- [Exercise brief]
Copy exactly the lines of the records below, starting at the line that contains "Used 2024 Jeep" and continuing through the last line, both included; omit any pictures.

***** Supplied data *****

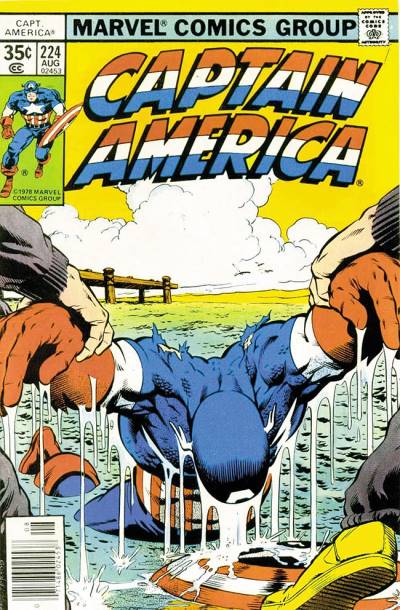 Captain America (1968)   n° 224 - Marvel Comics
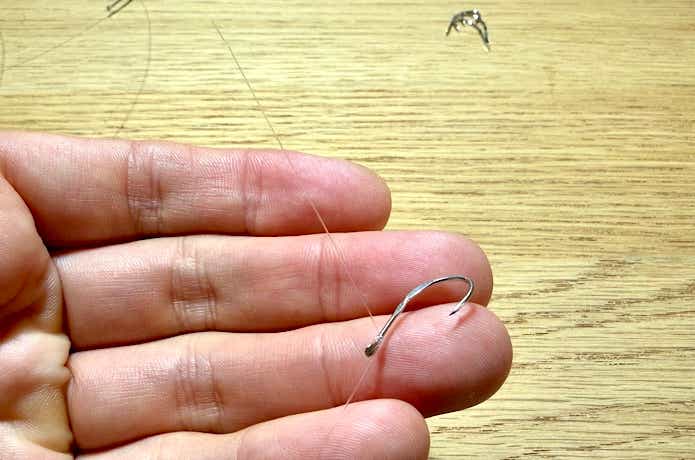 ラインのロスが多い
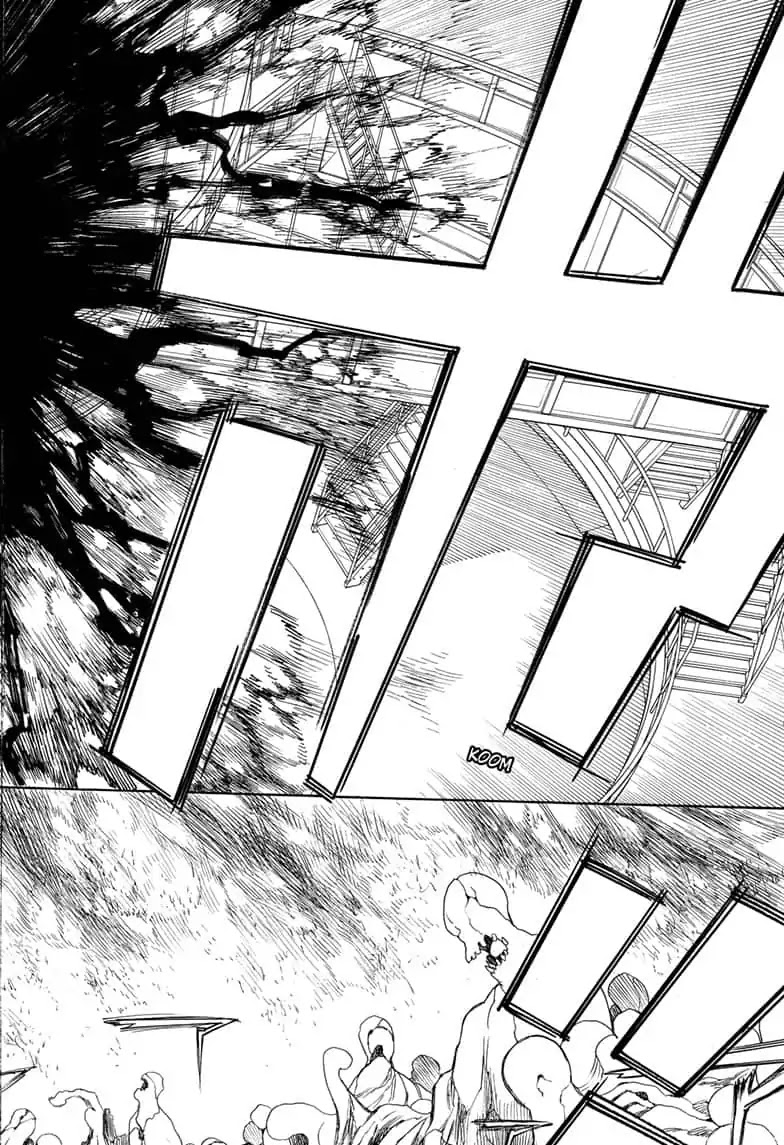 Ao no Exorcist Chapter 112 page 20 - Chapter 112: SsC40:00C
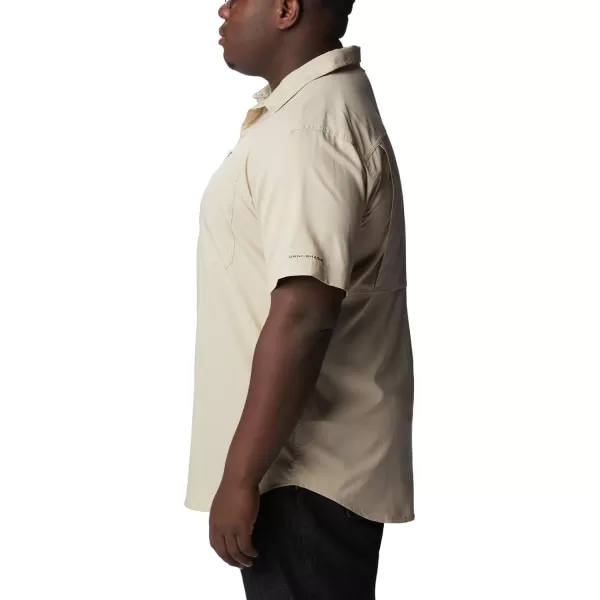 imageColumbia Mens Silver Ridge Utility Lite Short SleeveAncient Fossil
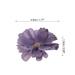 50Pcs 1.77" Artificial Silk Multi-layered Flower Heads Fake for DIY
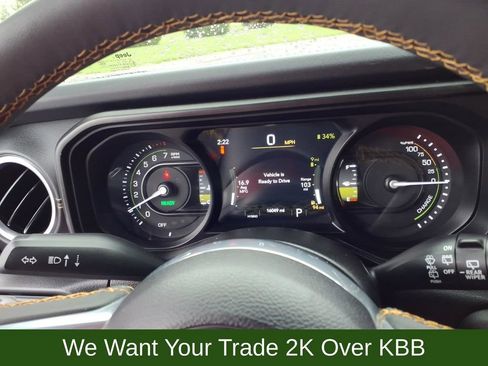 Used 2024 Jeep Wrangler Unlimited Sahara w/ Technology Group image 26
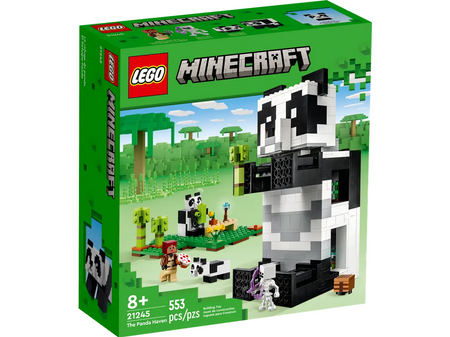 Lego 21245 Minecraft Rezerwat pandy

*****

- [Result]
 Used 2024 Jeep Wrangler Unlimited Sahara w/ Technology Group image 26
 Lego 21245 Minecraft Rezerwat pandy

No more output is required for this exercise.